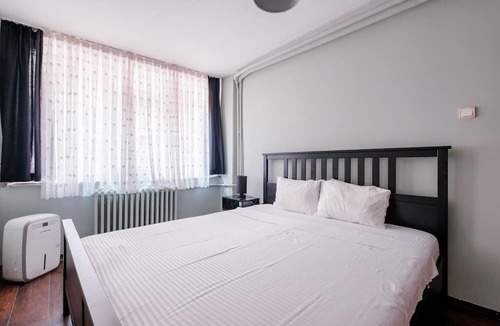 Besiktas Apartment | Near Ciragan Palace: 2-Min Walk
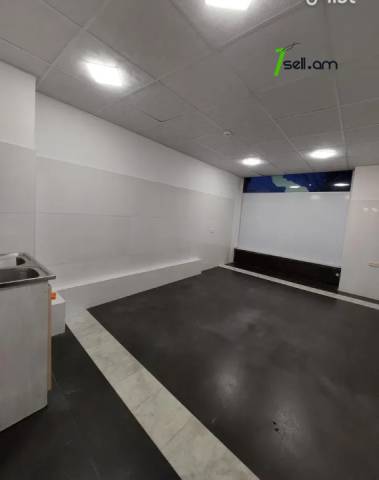 Բազմաֆունկցիոնալ գույք Արցախի պողոտայում կենտրոնում, 400 ք.մ.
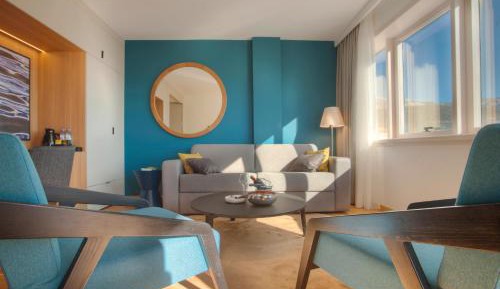 Suite with City View
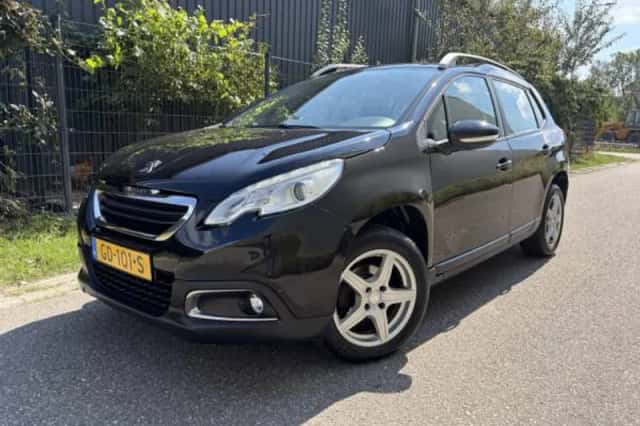 Peugeot 2008 (2015) thumbnail 1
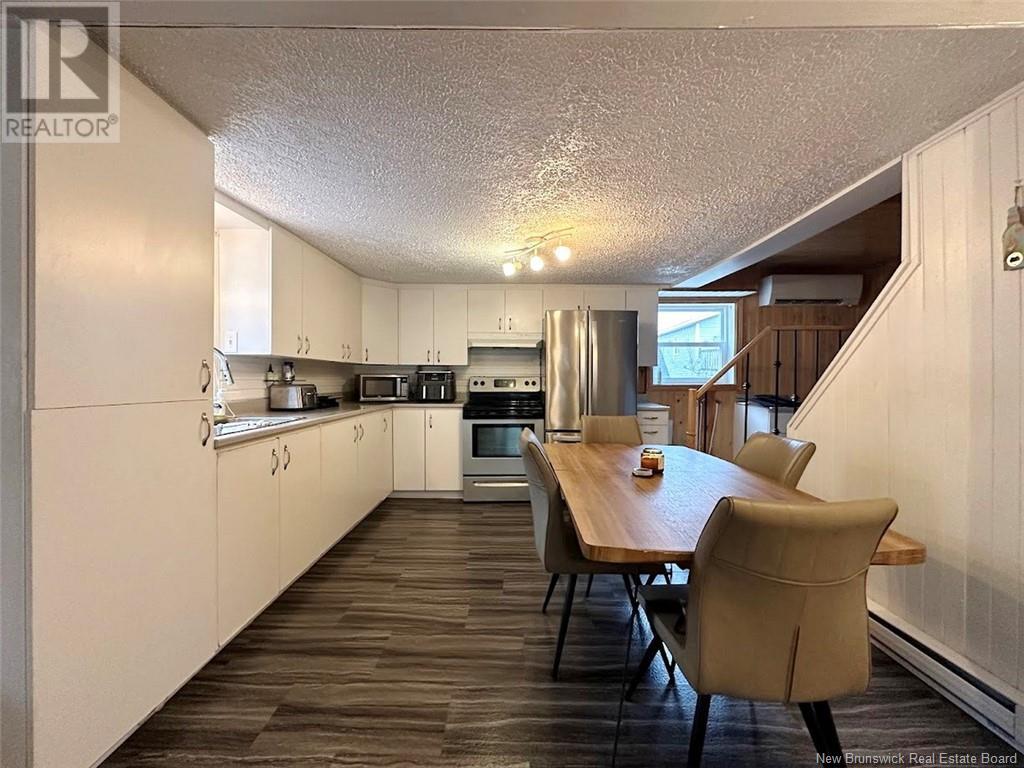 Property at 42 St-Jean Avenue image 3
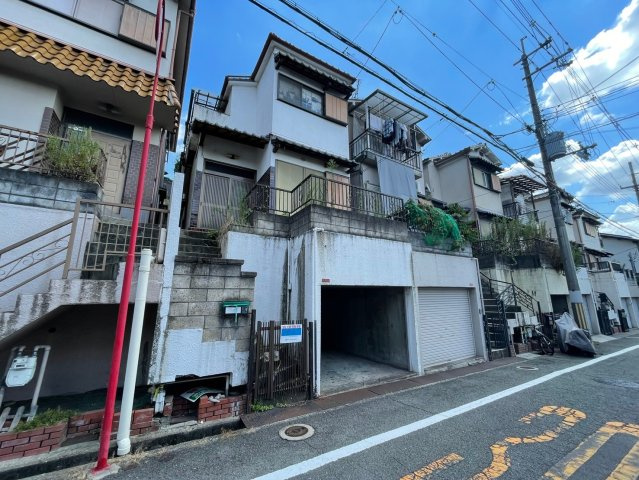 枚方市山之上5丁目　中古一戸建て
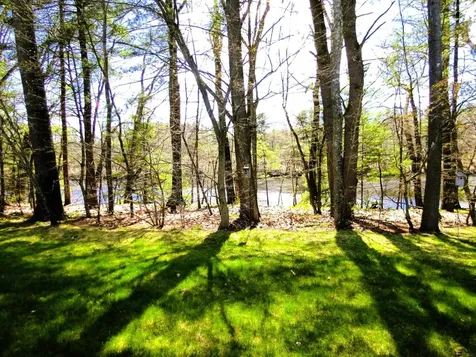 49 Jamesway Drive Litchfield NH 03051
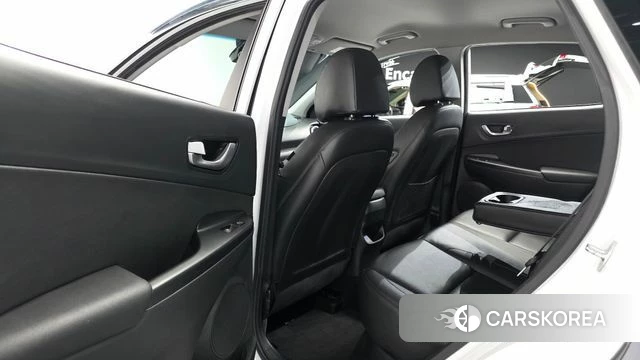 Hyundai The New Kona 2021 Белый из Кореи, фото 2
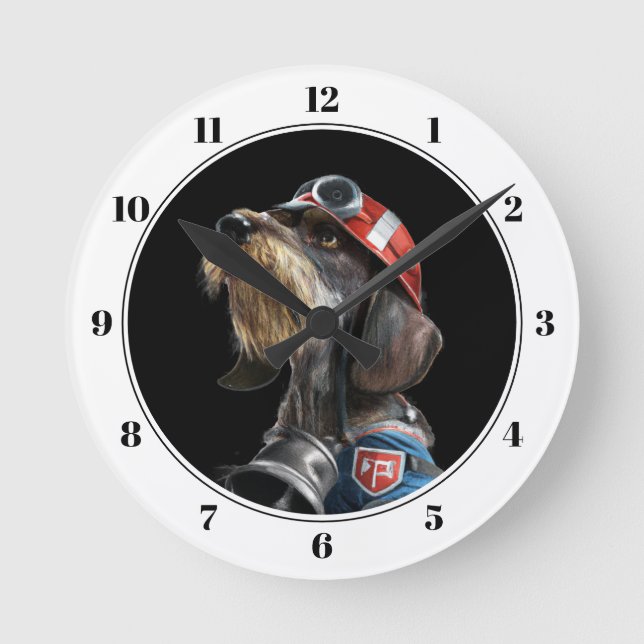Brandman Chief Wire-Hair Dachshund Hund C Rund Klocka (Framsida)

• **TASK GOAL**
Please print exactly the lines running from the line with "49 Jamesway Drive Litchfield NH 03051" through the final line of the material, and nothing more. Keep pictures out.

• **RESULT OF THIS TASK**
 49 Jamesway Drive Litchfield NH 03051
 Hyundai The New Kona 2021 Белый из Кореи, фото 2
Brandman Chief Wire-Hair Dachshund Hund C Rund Klocka (Framsida)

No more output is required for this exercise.